“Zoned In” was an in-person and virtual workshop series, and 6 month awareness campaign to get local nightlife communities involved in “City of Yes” — an initiative proposing city-wide zoning reform in NYC.
Hosted with the NYC Office of Nightlife, Small Business Services, Department of City Planning and Tara Duvivier from Pratt Center “Zoned In” aimed to spread awareness to nightlife and creative communities. We shared a 101 on zoning, how this reform could affect or open opportunity in different neighborhoods, and how to get involved in the public hearing process.
In 2023 NYC’s Department of City Planning announced “City of Yes” to address economic opportunity, carbon neutrality, and need for housing. This initiative has been years in the making, involving the input of many different agencies and organizations across NYC, however NYC’s history of top-down zoning reform is contentious and has often overwritten what local communities need or want for their neighborhood, ultimately resulting in displacement.

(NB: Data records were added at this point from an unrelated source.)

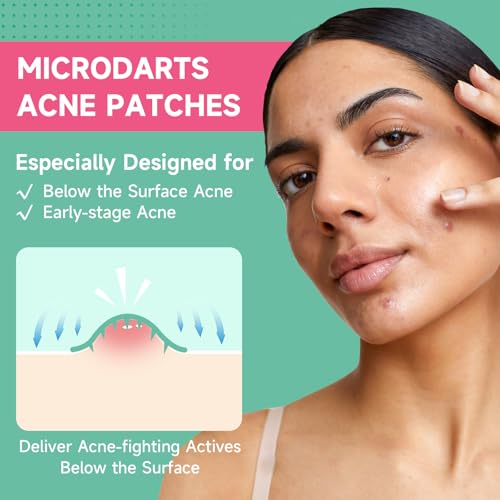 36P Microdart Acne Patches, Hydrocolloid Pimple Patches with Salicylic Acid & Madecossoside, Microdart Zit Patches for Deep Blemishes & Early Stage Acne (Patented)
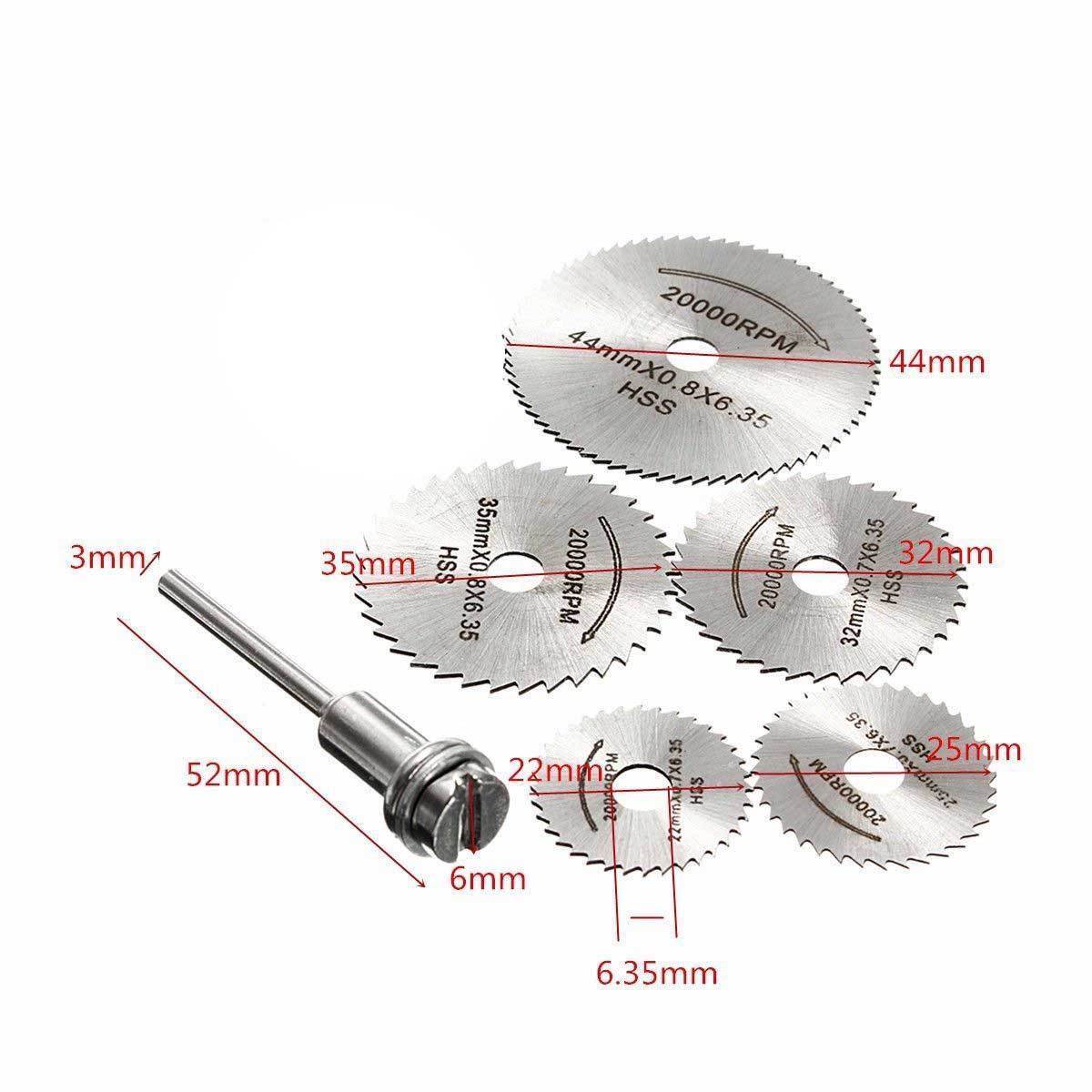 DG06 ชุดใบตัด HSS 5 ใบ แกน 3.2 มิล สำหรับงานไม้ อลูมิเนียม พลาสติก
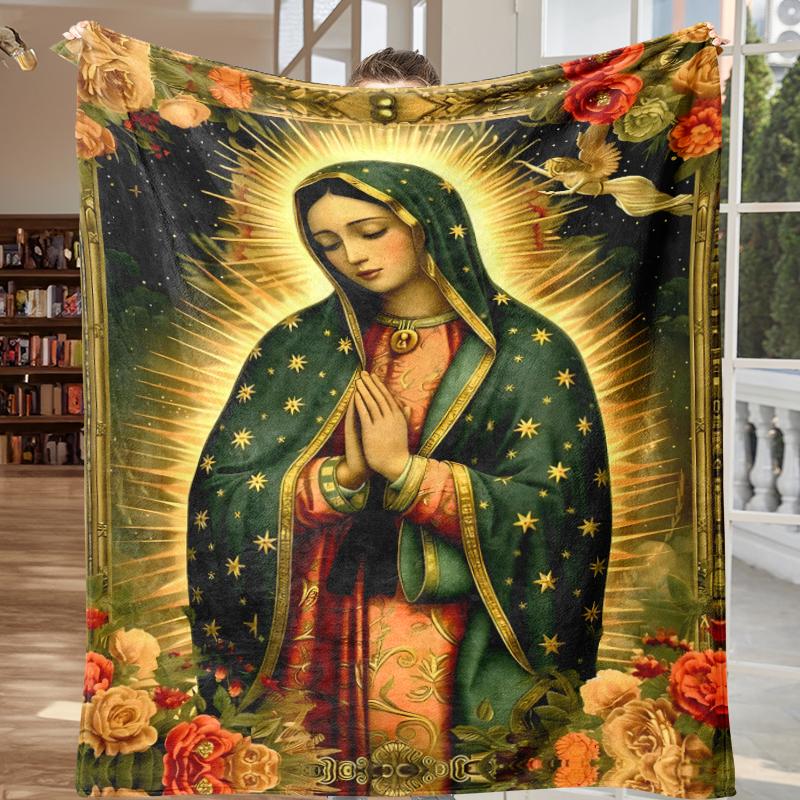 Surprise Virgin Mary Blanket, Soft Warm Throw, Virgin Mary Flannel Throw Blanket Snug Cozy Touch Super Soft Neutral Color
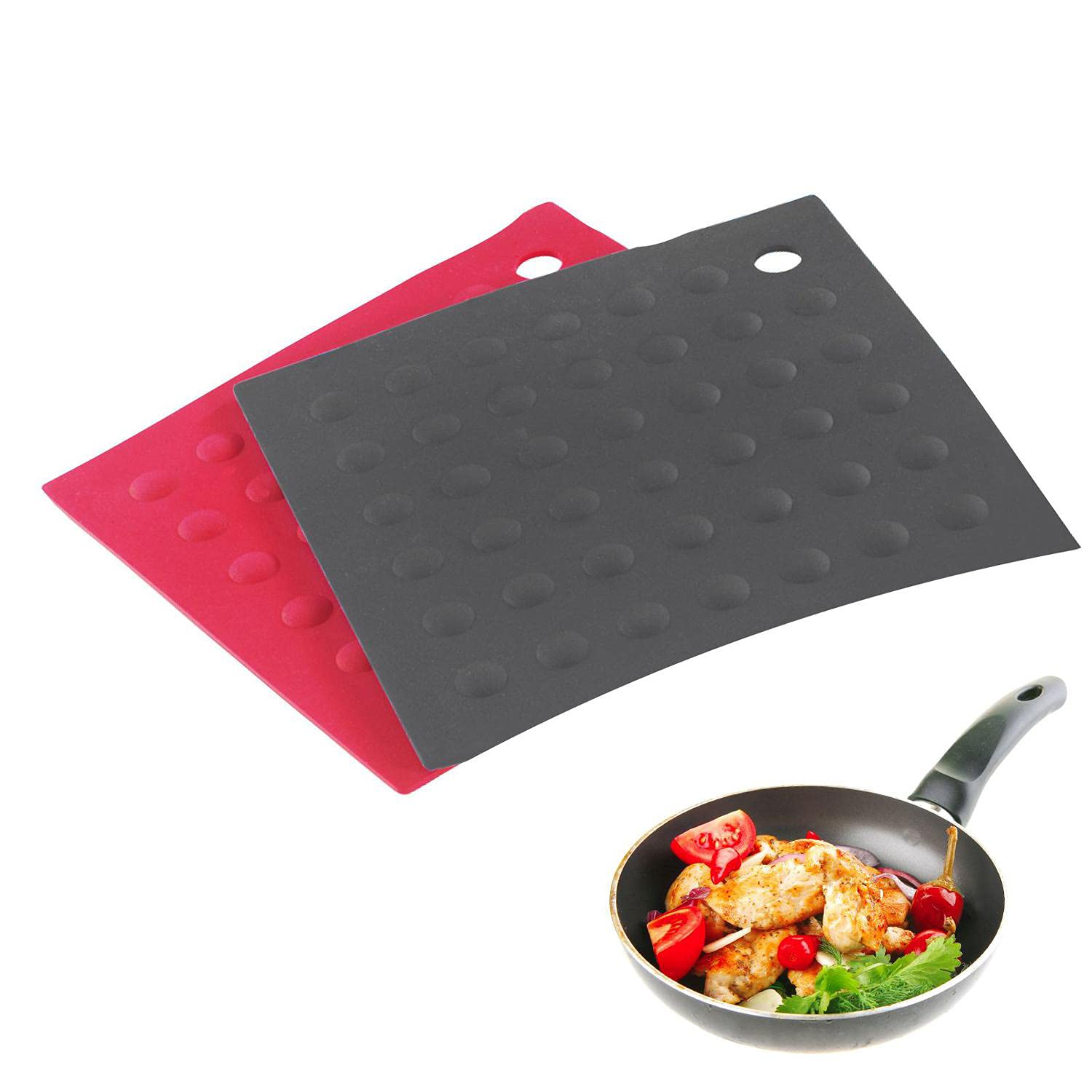 westmark-15582270-set-de-2-dessous-de-plat-en-silicone-17-7-x-17-7-cm-antichaleu image 2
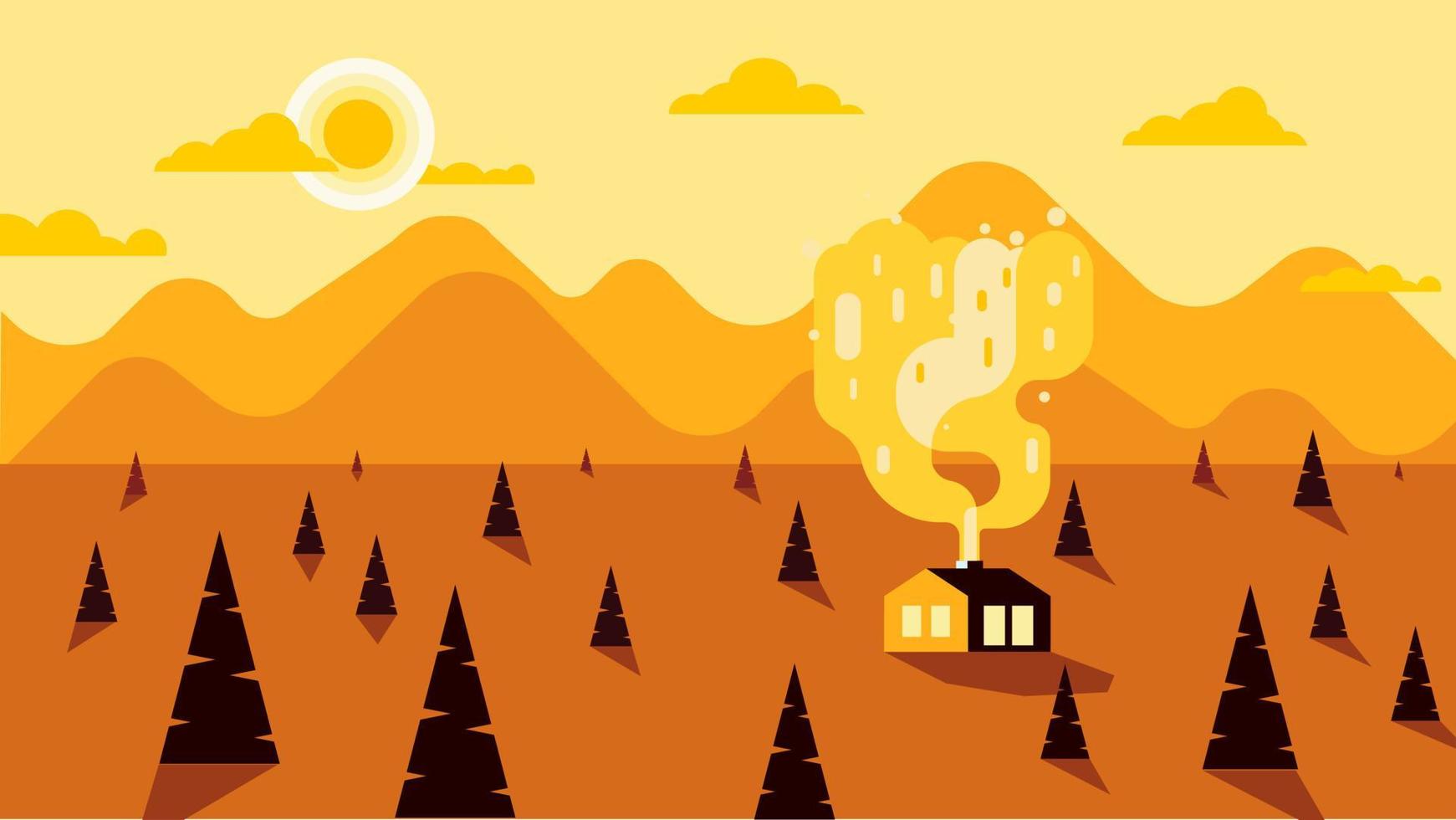 mountain flat landscape. Flat design rural landscape illustration with a country house, arable land, hills and mountains. village scene country side view vector
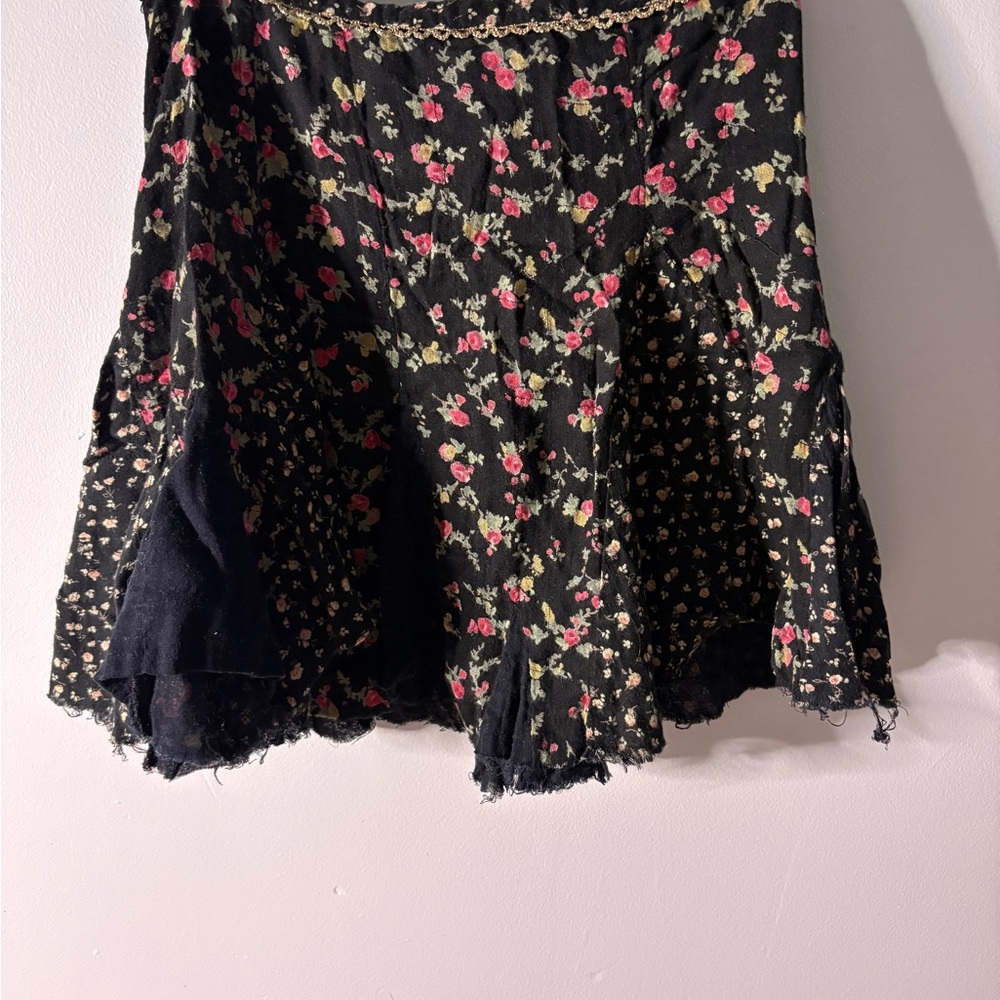 Free People Vintage Black Floral Midi Skirt with Pink Rose Print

In the United States, the laws that govern our use of land, i.e. zoning, are intrinsically linked to a long history of discrimination. When we look at nightlife in NYC, the type of space where you can dance or perform live music is dictated by rules that haven’t changed since the 1960s. Why should zoning have anything to do with freedom of expression? Echoing a century of complex factors including redlining, criminalization, divestment, racist lending, skyrocketing property values, and general NIMBY-ism, grassroots and diverse nightlife has had fewer and fewer places to go. Known as the entertainment capitol of the world, this might seem surprising. But a map of where one can “legally” have a venue where people dance and perform music tells a different story. At the root of it, nightlife and by de facto these types of expression, are zoned out across wide swaths of the city.